Reform-minded activists, mostly women, launched various efforts to establish a day to honor fatherhood, but with limited success. That all changed in the late 1930s when the New York Associated Men’s Wear Retailers swung into action. Ad campaigns and Father’s Day sales created a card-sending, gift-giving holiday. Eventually government caught up with commerce. In 1972 Richard Nixon signed legislation officially designating the third Sunday of June as Father’s Day.

R.R. Reno Given this history I’m inclined toward a bit of skepticism about Father’s Day. In a sour moment you might find me saying that Father’s Day is to neckties what St. Patrick’s Day is to beer. But there’s a sweet side as well. Like Mother’s Day, Father’s Day provides an opportunity to fulfill one of the most joyful of the Ten Commandments: honor your mother and father.

By joyful I mean more than Hallmark sentimentality, which Father’s Day of course can descend into. The Decalogue is dominated by don’ts. Don’t worship other gods. Don’t murder. Don’t lie. Don’t commit adultery or covet. But in the middle we find two happy do’s: keep the Sabbath holy and honor your mother and father. These positive commandments play a very important role in the biblical vision of morality. They encourage us to obey the prohibitions because our hearts are otherwise occupied rather than relying on self-discipline.

Consider the opening commandments. Depending on how one parses the verses, at the outset there are two or three commandments that amount to a prohibition against idolatry and desecration. The final grouping or second table also involves prohibitions, each concerning our relation to our neighbors. Put simply, the first table of the Ten Commandments prohibits violations of divine dignity and the second table, violations of human dignity, with the last commandment against covetousness best understood as prohibiting us from violating the dignity of our own humanity.

There are two ways to keep these”or any”prohibitions. The most obvious approach guards against transgression by maintaining a careful discipline. In order to prevent idol worship we smash idols and prohibit their fabrication. To prevent adultery we carefully regulate and monitor the social interactions of men and women. This approach is certainly fitting. For these and other precautionary measures are what we pray for when we petition God in the Lord’s Prayer: lead me not into temptation.
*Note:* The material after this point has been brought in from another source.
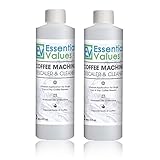 Essential Values Universal Descaling Solution (2 Pack / 4 Uses Total), Designed to Clean Keurig, Nespresso, Delonghi and All Single Use Coffee Pot and Espresso Machines - Proudly Made In USA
It’s what Jesus meant when he counseled us to pluck out our eye if it causes us to sin.

The second approach differs from the first. It seeks to capture our souls, disciplining us from within, as it were. For example, a wise teacher knows that finding an engaging focus for a disruptive student is far more effective than redoubled discipline. We’re most obedient to prohibitions when we’re too preoccupied by what we love to give much time or thought to transgressions.

The commandment to keep the Sabbath takes this approach. When we come before the true God in worship, idols look like unappealing imitations of the divine. If we have regular commerce with the living God in prayer, we won’t be satisfied with cheap substitutes. Put somewhat differently, the positive commandment to keep the Sabbath holy takes up some of the space we often fill with transgressions. If we hallow the Sabbath, then we won’t hallow the battlefield, the legislative chamber, or the marketplace.

The commandment to honor our parents works in similar way. The second table of the Ten Commandments concerns the right ordering of social relations, prohibiting actions that undermine human institutions, sow distrust, and trigger conflict. The positive commandment to honor our mothers and fathers encourages us to affirm and reinforce the deepest and most fundamental social relation of all: that of parent and child. Idle hands do the devil’s work, and so do idle hearts. Honor your mother and father, and you’re less likely to serve Mammon, chase after celebrity, worship the generalissimo, or bow before the Führer.

I certainly felt a duty to call my father on Father’s Day, a happy one, of course, but one also tinged with the compulsion of a commandment that sons and daughters feel whether or not they’ve ever heard of the Ten Commandments. Our commercial culture exploits this feeling of duty, fanning it and promising that this or that product will provide just the right display of filial gratitude.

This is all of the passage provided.